Although forceps can be employed only in cases of head presentation, intervention may be warranted when some part of the fetus other than the head will be born first. Two or three times in every hundred patients we meet with breech presentations, that is, cases in which the buttocks precede; after their expulsion, the body, the arms, and the head follow. Breech presentations occur more frequently among women delivered prematurely, as might be expected since an examination eight to ten weeks before the calculated date reveals a larger percentage of breech presentations than a similar examination about the normal end of pregnancy. In explanation of these results we accept the view that the size of the fetus at the earlier date does not require nicety of adaptation to the cavity of the womb, whereas at term, unless the child is small, the best accommodation is secured when the head lies downward.

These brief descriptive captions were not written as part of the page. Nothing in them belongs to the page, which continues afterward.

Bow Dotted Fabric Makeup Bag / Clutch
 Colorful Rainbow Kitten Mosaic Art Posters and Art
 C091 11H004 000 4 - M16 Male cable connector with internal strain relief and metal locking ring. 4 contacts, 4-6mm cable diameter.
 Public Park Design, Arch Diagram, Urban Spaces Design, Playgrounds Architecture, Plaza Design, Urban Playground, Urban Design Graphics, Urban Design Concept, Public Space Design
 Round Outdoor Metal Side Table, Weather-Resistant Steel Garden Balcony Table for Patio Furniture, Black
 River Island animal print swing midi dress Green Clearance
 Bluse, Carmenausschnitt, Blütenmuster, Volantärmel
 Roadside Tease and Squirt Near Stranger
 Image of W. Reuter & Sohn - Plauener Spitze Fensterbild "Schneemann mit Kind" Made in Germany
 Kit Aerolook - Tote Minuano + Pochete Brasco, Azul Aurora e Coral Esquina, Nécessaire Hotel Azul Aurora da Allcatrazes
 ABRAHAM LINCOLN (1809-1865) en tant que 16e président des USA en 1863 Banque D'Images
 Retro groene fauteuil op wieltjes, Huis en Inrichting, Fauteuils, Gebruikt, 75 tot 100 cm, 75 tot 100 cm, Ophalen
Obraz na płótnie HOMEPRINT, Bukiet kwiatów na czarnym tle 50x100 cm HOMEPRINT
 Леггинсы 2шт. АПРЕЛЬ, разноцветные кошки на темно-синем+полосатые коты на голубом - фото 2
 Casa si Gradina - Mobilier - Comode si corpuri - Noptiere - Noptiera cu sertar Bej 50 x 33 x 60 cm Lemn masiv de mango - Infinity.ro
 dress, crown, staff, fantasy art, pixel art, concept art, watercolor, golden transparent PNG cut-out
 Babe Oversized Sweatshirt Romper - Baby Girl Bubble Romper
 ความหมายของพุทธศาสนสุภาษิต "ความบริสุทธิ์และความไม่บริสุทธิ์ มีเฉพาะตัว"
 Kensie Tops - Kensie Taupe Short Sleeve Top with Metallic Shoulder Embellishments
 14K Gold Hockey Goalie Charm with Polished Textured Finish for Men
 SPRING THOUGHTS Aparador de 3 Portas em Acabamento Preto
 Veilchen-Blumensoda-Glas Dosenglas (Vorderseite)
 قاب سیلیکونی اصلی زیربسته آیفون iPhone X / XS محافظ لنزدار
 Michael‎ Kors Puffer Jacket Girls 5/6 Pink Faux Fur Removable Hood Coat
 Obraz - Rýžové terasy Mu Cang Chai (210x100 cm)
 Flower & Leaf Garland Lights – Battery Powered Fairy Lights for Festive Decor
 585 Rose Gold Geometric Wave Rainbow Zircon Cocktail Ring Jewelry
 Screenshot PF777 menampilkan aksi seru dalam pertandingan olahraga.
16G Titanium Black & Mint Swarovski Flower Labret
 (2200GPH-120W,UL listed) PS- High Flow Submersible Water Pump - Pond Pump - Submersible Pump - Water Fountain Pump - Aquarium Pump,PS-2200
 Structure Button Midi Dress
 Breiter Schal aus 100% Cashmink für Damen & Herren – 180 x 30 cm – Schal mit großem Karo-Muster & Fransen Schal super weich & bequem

Most breech cases are delivered spontaneously; if not, the outlook for the mother is no less favorable on that account. Assistance, when undertaken, is usually prompted in the interest of the child, which will be seized by the legs and extracted if there are indications to terminate labor. Purely as a precautionary measure, a second physician will often be called about the time the stage of expulsion begins. Foresight of this kind must give the patient confidence rather than alarm her. Indeed, should operative intervention of any kind become necessary in the practice of obstetrics, the inclination of the doctor to call an assistant must be regarded as an evidence of superior judgment.
MANAGEMENT OF BIRTH WITHOUT A DOCTOR.—A prospective mother should not be left alone during the four weeks prior to the expected date of delivery, for it is important that during this period aid may be quickly summoned in the event of an emergency. However, if the confinement be the first, ample warning of delivery will always be given. Even in a later confinement several hours will probably elapse between the preliminary signs and the birth itself. It is extremely rare to have labor progress so rapidly that the child is born before the doctor arrives. Under such circumstances, if the nurse be present she will be master of the situation; whenever she has been unable to reach the patient, someone near by should be called to render what assistance may be needed. A labor which advances so rapidly that skilled assistance cannot be procured is proof in itself that everything is going in an ideal manner, and that interference is not necessary. Although the doctor may not arrive until after the child is born, he frequently renders valuable service in expelling the placenta or in sewing up lacerations. No one should presume then that there is never need for a physician after the second stage is over.
If the suggestions made in the preceding chapter are heeded, immediately after labor begins the room will be set in order and the bed will be properly protected; the patient will take a tub-bath and will put on a freshly laundered nightgown. The sterilized dressings are then placed where they can be easily reached, but are not opened until needed. Antiseptic tablets have been procured, and, following the directions on the bottle, it will be simple to make up a solution of bichlorid of mercury of a strength of 1-1,000.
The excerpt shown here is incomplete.